先日NHKの「トップランナー」という番組を見ていたら、映画監督の清水崇が出演していた。彼が監督した「THE JUON」はハリウッドで公開されるやいなや1億ドルを超える大ヒットを記録し、日本人監督初の“全米興行収入ナンバー1”という快挙を成し遂げたのである。

ハリウッドの資本で作られた日本映画は過去にもあったが、本作の凄いところは“日本人が監督して、日本人が脚本を書いて、日本でロケをして作られた”という点が最大の特徴なのだ。すなわち完全に日本主導で製作された(たぶん)史上初のハリウッド映画なのである。ただし、そこで当然日本人スタッフとハリウッド側との間で色々と食い違いがあったらしく、トラブルも少なくなかったようだ。

例えば、主演のサラ・ミシェル・ゲラーがある日現場に出てこないのでスタッフが呼びに行くと、車の中で泣いていた。「たちまち“監督が主演女優を泣かせた!”という噂が広まってえらい目に遭いました」と清水崇は告白している。ここまで日本人監督を信頼して全てを任せてしまった太っ腹なプロデューサーはあのサム・ライミである。

スパイダーマン』を2作続けて大ヒットさせ、今や押しも押されぬメジャー監督となっているが、駆け出しの頃は自身もB級ホラーを撮っていたのだ。そして清水監督の『呪怨』を見たライミは「これは凄い!金を出すから映画を撮れ!」と大抜擢したのである。さすがサム・ライミ、B級ホラーのツボが分かってる!
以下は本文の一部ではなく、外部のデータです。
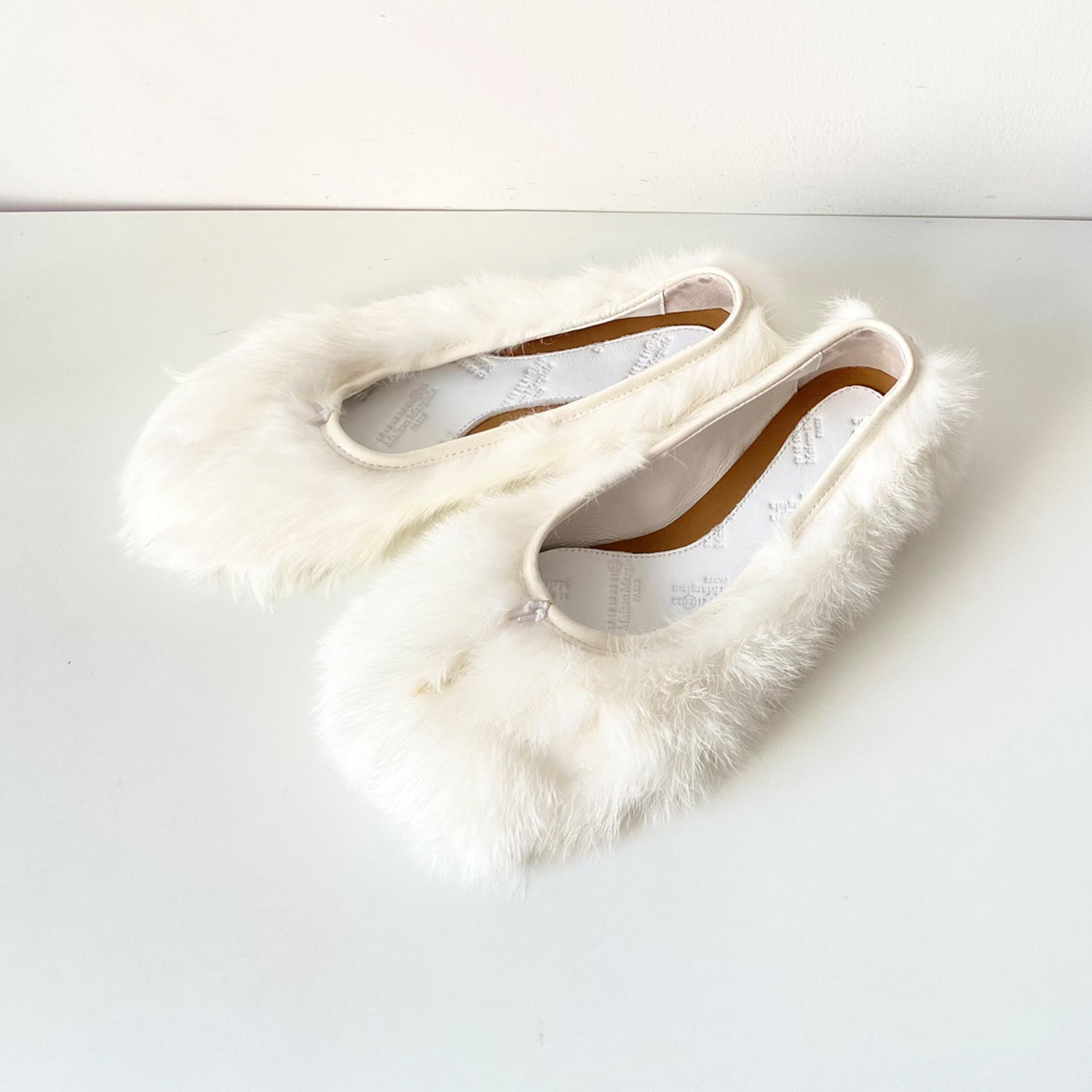 Maison Margiela Spring And Autumn Plush Split Toe Shoes Fashion Casual Comfortable Flat Shoes Solid Colour Temperament Women's Shoes #81148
■あらすじ『アッシュ(ブルース・キャンベル)とリンダ(デニス・ビクスラー)の2人は、ある森の廃屋で「死者の書」とテープレコーダーを見つける。そのテープを再生すると突然リンダが死霊にとりつかれアッシュに襲いかかった。その頃、「死者の書」を掘り出したノウビー教授(ジョン・ピークス)の娘アニー(サラ・ベリー)も、ボーイフレンドのエド(リチャード・ドメイヤー)と小屋にやってきた。テープに残された教授の声によると、死霊にとりつかれた者を殺すにはその体を切断しなければならない。だが小屋の中の地下室には、切断されずに閉じこめられているゾンビ化した教授の妻のヘンリエッタ(ルー・ハンコック)もいた。一行は次々に死霊にとりつかれてしまい、アッシュもとりつかれた片手を自ら切断して必死に戦う。そしてショットガン片手に、次々とゾンビと化した仲間たちを倒していった。やがてアッシュは死霊の魔力により、なんと中世にタイムスリップしてしまう!人類と死霊が覇権を争う悪夢のような世界で、彼を待ち受ける運命とは!?奇才:サム・ライミが抜群のエンターテイメント性を炸裂させて見る者を恐怖と笑いの渦へ叩き込んだ、爆笑ホラー・コメディの決定版!』


本作はそんなサム・ライミが若干21歳の時に9万ドルの低予算で撮った「死霊のはらわた」の続編である。パート2という事でストーリー上は前作の続きだが、むしろコミカルに練り直したリメイクと言うべきかも。一作目の大ヒットでメジャーを意識し始めたのか、残酷描写が押さえられた代わりにサム・ライミの演出そのものは凄まじい勢いでパワーアップしているのだ。全編コミック的な疾走感で休む事無く一気に突っ走り、しかも最後までテンションが落ちないのだから見事としか言いようが無い。

ピーター・デミングのカメラも、ブルース・キャンベルの演技も暴走しまくり、まさに抱腹絶倒の快作に仕上がっている。ホラー映画でありながら、これほどまでにエンターテイメント性に徹した作品も前代未聞だ。主人公アッシュは切断した片腕にチェーンソーを装着し、さながらアメコミ・ヒーローのごとく大暴れ!最後に中世にタイムスリップした彼は、パート3ではさらに常軌を逸した大活躍を見せる。その名も『キャプテン・スーパーマーケット』。もはやホラーの概念を超越している!面白すぎますライミさん!!!